Отец сказал, что не хотел привязывать меня к этому месту. На самом деле отец надеялся, что я захочу более интересной жизни, чем здесь. Они с Эдвардом были убеждены, что более широкий опыт дал бы мне очень многое. Отец говорил, что, когда смотришь на Галаад из другого места, он выглядит как реликт, как некий архаизм. Когда я упомянул о славной истории городка, он рассмеялся и сказал: «Старые несчастные древние дела и битвы, которые закончились много лет назад». И его слова вызвали у меня раздражение. Он говорил: «Ты только посмотри на это. Каждый раз, как только дерево вырастает до нормальных размеров, налетает ветер и ломает его». Мой отец изучал чудеса внешнего мира, а я твердо укреплялся в намерении не подвергаться риску познания этих чудес. Он говорил: «Я осознал, что здесь мы жили в пределах понятий, которые не только устарели, но и ограничены пределами этого места. Хочу, чтобы ты понял: ты не обязан хранить им верность».

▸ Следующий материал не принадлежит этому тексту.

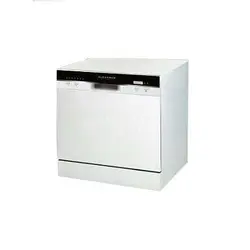 ماشین ظرفشویی 8 نفره الگانس مدل 3802 A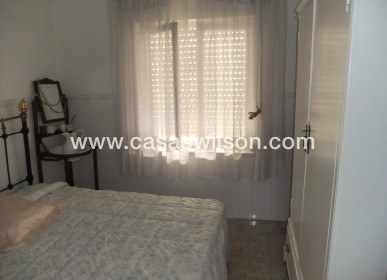 Sale - Townhouse - Pilar de la Horadada - Torre de la Horadada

Он думал, что может снять с меня обязательство хранить верность, как будто это верность ему, как будто это какая-то ошибка, совершенная с благими намерениями, которую он мог исправить за меня, как будто речь шла по крайней мере не о верности самому себе и можно рассматривать это все в отрыве от веры в Господа. А ведь я уже тогда знал, как знаю и сейчас, спустя много лет, что Господь превосходит любое понимание, которое у меня может сложиться о Нем, что делает верность Ему совершенно иным явлением, отличным от каких бы то ни было обычаев, доктрин и воспоминаний, которые я могу связывать с Ним. Я знал это тогда и знаю теперь. Насколько невежественным отец меня считал? Я читал Оуэна, и Джеймса, и Хаксли, и Сведенборга, и, прости Господи, Блаватскую, и он это прекрасно знал, поскольку буквально читал их через мое плечо. Я выписывал «Нейшн». Я никогда не был Эдвардом, но не был и глупцом и никогда не скрывал своих мыслей.